Worcester Polytechnic Institute (WPI) has received a grant from the US Army for the development of sensors that could save the lives of wounded soldiers by helping in the early detection of blood loss on the battlefield.
As part of a $1.5m grant, WPI will produce miniaturised wireless sensors and develop mathematical algorithms required to process signals from the sensors, enabling simultaneous measurement of seven physiological parameters, including a unique way to detect bleeding.
During the three-year programme, the institute will also install similar monitoring capabilities on smartphones, which could be used by army medics as handheld diagnostic devices.
WPI will collaborate with the University of Massachusetts Medical School (UMMS) for comprehensive validation of both the sensor and smartphone technologies during an observational study of trauma patients.
Sensors will be developed by WPI biomedical engineering department associate professor Yitzhak Mendelson's team, while department head and professor Ki Chon's team will be responsible for the creation of signal processing and modification of the technology for use on a smartphone.
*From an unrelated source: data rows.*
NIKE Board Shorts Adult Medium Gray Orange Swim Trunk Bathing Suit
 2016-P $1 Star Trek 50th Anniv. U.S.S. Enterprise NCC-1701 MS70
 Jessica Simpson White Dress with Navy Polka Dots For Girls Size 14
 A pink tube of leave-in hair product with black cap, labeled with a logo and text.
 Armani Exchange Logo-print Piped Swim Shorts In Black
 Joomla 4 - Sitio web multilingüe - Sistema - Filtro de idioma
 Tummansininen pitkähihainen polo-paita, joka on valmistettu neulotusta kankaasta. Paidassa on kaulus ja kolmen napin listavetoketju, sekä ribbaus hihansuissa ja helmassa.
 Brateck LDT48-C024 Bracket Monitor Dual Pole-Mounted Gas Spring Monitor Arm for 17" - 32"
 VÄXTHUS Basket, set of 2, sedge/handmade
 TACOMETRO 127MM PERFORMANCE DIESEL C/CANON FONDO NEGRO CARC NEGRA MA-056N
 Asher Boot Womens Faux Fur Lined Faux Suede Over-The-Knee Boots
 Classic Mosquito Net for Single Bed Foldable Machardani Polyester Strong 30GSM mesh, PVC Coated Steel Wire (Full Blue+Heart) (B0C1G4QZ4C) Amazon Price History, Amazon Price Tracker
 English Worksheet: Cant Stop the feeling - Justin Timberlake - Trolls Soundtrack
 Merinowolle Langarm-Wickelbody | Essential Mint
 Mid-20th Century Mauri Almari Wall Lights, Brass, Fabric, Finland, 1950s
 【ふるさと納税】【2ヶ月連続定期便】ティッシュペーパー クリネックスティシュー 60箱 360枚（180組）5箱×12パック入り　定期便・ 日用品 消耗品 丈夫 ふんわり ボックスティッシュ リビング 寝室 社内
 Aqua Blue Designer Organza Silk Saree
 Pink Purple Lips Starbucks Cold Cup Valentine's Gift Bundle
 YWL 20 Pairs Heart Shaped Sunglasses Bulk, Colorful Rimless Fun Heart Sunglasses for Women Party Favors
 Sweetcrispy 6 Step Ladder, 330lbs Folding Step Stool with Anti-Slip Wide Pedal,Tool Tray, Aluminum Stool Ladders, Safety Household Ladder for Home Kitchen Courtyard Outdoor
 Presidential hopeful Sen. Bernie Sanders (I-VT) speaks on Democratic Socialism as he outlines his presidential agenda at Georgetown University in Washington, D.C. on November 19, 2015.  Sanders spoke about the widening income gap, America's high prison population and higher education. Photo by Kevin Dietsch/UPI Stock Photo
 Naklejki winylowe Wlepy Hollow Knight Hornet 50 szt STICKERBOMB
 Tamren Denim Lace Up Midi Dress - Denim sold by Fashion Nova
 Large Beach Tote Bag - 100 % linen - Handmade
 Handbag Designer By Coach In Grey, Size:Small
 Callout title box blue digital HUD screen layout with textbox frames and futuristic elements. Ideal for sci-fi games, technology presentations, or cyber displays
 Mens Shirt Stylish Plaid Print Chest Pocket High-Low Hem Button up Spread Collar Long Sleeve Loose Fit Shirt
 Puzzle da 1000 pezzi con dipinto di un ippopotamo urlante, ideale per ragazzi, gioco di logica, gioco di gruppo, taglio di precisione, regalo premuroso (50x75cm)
The sensors will pass infrared and visible light through the soldier's skin to measure the way different frequencies of light are absorbed by pulsing arterial blood, and the resulting subtle shifts are correlated to a broad spectrum of physiological parameters by a series of algorithms.
A built-in video camera present on the smartphone will then record the reflections.
Embedded accelerometers and a wireless link are integrated in the sensors to help a medic to measure body movement and posture, and also monitor soldiers' health and react with emergency aid as required.
Throughout the programme the teams will continue development of hardware, software and algorithms in an effort to optimise the sensors' size, durability and accuracy, in addition to validating varying system configurations using multiple sensors to analyse physiological signals from different parts of the body simultaneously.
Prototypes developed during the second year of programme will be evaluated by the emergency department of UMass Memorial Medical Center to monitor vital signs and detect blood loss in trauma patients.
The UMMS clinical team will also provide assistance in production of decision support tools for integration into the smartphone, and will respond as vital signs are measured providing a medic or first-responder with information to guide treatment.